Everything is still awesome - The end of earnings season edition 

Bottom Line: Through Friday 95% of companies had reported their results for the third quarter that included hurricanes, Harvey, Irma and Maria. By the end of September thoughts of sustaining a 3% growth economy for the first time since 2005 were all but gone. So were the ideas that we'd have significant earnings growth for American companies. Both of those proved to be, happily, false.   

First, we had the exceptional news of a 3 percent growth economy and lowest unemployment rate in nearly 17 years, despite more than $120 billion in negative economic impact from the hurricanes to the economy. Then the earnings estimates which had be slashed to just 3% growth for the quarter started be been blown out of the water.

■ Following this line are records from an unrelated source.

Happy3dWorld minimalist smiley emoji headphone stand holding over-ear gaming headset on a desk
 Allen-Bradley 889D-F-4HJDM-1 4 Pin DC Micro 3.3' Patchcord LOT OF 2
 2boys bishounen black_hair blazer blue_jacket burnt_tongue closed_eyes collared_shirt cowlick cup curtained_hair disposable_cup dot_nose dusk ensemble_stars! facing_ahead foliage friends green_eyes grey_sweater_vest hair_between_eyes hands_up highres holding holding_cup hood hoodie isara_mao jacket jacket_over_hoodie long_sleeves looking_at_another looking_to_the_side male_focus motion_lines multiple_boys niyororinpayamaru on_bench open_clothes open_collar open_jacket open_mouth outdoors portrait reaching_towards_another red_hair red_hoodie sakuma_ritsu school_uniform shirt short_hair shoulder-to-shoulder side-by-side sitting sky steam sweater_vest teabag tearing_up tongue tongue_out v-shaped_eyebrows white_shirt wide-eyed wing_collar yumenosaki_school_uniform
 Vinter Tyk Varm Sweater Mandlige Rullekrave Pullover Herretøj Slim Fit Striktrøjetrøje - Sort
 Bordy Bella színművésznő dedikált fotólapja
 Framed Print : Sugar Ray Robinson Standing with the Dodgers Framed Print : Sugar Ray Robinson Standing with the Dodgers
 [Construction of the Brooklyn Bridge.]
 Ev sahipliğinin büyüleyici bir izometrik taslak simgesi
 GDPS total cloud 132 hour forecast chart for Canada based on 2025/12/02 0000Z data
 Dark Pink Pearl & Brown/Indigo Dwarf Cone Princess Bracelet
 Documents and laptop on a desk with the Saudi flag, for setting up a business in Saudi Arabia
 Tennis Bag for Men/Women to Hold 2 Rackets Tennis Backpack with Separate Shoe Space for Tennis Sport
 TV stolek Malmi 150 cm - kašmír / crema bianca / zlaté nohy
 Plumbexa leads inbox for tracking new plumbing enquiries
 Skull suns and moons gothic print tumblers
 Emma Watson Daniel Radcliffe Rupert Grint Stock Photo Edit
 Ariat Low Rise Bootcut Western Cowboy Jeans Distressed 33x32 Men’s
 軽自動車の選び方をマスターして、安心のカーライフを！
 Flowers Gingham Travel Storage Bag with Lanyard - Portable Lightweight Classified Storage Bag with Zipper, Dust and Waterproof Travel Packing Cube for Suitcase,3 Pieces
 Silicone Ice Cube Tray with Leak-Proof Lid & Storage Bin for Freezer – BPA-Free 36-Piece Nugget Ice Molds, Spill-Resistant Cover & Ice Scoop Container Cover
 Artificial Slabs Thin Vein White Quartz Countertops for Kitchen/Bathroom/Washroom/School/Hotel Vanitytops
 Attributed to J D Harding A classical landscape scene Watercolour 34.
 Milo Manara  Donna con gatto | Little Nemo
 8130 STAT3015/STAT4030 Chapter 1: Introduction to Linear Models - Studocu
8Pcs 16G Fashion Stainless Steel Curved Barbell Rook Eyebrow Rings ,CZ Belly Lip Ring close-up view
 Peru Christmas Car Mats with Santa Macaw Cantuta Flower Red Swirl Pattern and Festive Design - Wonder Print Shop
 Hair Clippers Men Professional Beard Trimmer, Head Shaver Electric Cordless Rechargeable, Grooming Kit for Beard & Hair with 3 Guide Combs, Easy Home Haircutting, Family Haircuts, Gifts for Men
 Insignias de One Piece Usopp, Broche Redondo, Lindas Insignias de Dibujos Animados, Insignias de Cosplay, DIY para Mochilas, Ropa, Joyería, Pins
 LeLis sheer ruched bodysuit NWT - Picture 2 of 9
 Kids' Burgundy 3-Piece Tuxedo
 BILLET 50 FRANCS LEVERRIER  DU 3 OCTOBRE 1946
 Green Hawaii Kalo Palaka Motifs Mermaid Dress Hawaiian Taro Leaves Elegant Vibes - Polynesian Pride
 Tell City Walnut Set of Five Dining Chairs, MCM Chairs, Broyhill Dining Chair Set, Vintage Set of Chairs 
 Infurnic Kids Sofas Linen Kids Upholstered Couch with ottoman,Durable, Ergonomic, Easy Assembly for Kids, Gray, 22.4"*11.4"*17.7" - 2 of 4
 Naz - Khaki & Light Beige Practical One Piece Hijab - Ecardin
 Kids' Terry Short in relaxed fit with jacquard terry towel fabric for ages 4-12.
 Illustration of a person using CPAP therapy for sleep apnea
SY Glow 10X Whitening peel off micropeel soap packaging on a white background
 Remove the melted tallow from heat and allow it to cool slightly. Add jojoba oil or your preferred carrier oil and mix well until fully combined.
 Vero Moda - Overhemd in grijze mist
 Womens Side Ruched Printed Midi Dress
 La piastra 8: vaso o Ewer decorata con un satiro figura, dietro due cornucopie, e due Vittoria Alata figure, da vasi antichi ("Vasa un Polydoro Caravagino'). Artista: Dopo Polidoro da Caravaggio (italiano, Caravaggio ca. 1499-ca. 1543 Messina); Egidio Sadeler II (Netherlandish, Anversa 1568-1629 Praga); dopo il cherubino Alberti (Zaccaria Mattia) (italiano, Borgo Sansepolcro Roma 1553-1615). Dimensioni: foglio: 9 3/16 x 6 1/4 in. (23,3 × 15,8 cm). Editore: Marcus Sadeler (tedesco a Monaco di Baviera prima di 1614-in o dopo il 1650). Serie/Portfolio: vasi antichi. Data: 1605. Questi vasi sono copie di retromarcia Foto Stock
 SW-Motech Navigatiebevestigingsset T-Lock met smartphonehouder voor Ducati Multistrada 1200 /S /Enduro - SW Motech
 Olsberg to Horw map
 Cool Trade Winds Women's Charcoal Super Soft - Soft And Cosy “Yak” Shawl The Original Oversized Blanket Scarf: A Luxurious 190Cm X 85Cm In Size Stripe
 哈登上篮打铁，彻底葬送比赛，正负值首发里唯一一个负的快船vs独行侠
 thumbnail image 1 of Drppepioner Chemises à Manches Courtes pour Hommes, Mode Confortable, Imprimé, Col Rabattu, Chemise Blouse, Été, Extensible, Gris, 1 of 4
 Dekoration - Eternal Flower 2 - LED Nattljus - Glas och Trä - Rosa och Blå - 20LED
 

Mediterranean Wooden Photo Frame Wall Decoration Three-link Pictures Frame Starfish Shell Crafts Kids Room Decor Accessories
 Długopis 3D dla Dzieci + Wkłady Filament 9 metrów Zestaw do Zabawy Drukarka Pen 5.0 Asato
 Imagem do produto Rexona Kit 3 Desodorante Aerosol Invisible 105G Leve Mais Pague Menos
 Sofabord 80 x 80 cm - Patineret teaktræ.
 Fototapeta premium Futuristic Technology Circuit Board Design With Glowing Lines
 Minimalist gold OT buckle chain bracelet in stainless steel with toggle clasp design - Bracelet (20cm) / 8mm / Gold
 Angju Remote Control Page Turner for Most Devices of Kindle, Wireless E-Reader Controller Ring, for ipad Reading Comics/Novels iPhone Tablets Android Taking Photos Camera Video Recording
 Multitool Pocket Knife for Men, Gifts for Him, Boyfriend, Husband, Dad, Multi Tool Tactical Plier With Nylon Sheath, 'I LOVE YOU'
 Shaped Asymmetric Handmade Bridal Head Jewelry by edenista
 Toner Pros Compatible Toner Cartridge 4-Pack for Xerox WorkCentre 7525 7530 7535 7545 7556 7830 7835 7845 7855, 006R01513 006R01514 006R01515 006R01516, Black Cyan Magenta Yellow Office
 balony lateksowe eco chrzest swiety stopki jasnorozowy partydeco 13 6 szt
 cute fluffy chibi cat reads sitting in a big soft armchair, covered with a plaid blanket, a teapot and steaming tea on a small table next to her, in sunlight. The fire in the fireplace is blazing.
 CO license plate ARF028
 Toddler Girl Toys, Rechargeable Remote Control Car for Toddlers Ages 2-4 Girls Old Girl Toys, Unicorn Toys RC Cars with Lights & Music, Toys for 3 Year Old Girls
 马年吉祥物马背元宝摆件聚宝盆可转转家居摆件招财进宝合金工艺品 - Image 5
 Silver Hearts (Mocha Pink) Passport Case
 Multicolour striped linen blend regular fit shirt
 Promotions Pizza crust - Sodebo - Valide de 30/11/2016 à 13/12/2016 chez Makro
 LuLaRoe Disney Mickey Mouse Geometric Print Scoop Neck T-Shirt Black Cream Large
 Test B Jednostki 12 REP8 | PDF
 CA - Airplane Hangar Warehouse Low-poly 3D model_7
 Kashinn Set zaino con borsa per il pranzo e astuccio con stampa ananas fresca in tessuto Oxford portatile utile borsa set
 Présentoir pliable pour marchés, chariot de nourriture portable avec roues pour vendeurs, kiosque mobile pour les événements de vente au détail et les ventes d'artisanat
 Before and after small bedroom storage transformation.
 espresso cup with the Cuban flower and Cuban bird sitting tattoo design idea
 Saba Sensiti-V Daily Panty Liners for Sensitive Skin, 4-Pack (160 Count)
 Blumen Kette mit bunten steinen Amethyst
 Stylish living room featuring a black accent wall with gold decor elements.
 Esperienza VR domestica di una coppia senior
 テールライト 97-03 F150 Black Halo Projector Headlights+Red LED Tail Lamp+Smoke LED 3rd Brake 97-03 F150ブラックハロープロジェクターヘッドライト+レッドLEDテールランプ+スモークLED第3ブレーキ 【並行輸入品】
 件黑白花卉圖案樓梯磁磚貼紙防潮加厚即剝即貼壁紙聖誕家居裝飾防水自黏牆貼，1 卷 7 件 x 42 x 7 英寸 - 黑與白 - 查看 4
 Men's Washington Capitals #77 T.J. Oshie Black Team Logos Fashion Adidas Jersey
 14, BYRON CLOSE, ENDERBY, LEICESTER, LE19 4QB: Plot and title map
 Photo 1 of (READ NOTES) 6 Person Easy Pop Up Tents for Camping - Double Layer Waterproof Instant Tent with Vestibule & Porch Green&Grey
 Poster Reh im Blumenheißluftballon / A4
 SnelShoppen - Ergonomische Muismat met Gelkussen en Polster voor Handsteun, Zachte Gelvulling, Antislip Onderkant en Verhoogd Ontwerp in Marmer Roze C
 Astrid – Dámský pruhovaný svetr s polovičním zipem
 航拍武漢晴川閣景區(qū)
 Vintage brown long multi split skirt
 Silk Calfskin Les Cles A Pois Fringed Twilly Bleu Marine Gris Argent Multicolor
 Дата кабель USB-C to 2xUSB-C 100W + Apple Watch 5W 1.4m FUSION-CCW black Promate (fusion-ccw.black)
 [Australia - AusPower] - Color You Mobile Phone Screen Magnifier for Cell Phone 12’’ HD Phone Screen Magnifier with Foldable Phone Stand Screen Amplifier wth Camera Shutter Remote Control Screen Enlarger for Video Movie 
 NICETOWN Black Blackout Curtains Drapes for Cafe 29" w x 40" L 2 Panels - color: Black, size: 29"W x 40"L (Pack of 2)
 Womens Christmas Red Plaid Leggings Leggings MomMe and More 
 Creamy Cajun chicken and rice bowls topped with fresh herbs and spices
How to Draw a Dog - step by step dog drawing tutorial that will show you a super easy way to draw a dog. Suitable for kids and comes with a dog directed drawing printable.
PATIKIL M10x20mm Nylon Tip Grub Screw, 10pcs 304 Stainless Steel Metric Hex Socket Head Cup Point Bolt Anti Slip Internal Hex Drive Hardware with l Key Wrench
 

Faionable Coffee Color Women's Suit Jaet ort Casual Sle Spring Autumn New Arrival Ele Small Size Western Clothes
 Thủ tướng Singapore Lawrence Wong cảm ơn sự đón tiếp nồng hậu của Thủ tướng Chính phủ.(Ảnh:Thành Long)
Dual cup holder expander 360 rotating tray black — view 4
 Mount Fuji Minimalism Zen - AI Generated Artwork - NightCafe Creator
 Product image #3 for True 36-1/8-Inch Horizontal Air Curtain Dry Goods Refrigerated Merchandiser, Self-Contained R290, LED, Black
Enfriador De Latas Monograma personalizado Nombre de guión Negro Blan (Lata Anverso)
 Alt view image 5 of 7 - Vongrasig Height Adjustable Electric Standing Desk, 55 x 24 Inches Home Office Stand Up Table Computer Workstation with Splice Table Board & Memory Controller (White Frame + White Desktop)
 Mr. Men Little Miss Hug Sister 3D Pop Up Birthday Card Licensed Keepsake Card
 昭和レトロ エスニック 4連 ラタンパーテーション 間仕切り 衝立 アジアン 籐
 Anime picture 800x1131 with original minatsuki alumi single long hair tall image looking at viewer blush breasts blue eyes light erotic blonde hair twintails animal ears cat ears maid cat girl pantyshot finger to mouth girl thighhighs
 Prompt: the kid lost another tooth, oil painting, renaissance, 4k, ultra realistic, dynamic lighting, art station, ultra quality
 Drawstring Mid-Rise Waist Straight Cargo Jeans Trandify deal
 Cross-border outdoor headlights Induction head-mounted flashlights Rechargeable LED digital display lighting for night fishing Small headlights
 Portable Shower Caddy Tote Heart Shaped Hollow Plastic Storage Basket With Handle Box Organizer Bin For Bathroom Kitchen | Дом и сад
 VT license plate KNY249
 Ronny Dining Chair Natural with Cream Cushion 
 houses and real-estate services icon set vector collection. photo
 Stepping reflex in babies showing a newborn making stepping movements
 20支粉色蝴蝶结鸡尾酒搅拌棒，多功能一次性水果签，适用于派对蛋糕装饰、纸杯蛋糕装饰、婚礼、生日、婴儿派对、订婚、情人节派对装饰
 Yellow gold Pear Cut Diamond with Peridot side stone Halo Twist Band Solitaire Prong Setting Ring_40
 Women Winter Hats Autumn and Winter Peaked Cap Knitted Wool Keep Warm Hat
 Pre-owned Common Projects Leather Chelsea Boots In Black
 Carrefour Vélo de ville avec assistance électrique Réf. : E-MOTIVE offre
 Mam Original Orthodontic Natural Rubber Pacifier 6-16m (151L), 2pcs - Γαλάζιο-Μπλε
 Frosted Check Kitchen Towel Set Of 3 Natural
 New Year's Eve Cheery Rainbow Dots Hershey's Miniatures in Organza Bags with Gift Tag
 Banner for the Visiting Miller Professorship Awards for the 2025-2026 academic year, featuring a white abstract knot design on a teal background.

Earnings momentum and results have improved each of the past six weeks. Last week earnings for companies that'd reported had grown by 6.1% year over year. Here's where we are to start this week and we're wrapping up the season... 

  • 95 percent of companies have reported     

  • 74 percent have reported positive earnings surprises and 66 percent have topped sales targets     

  • Earnings growth has been 6.2 percent!    

Companies have more than doubled the growth estimates from the street coming into reporting season. That's great news and a powerful reason why stocks added gains through much of the season (though we've now had two slightly negative weeks in a row). As we're close to closing the door on earnings season, we'll be looking for future catalysts. The anticipation is that it'll be tax reform. But will Congress deliver? That's a big if and will likely determine if there's any additional upside from here over the short run. Without it, it's hard to imagine that stocks would have much additional upside over the short run. Many are nervous about the Senate's ability to come through - with reason. Fingers crossed but in the meantime 2018 should be the best year for wage growth since at least 2007. The record setting profits of 2017 should lead the way for follow through with meaningful raises entering the new year.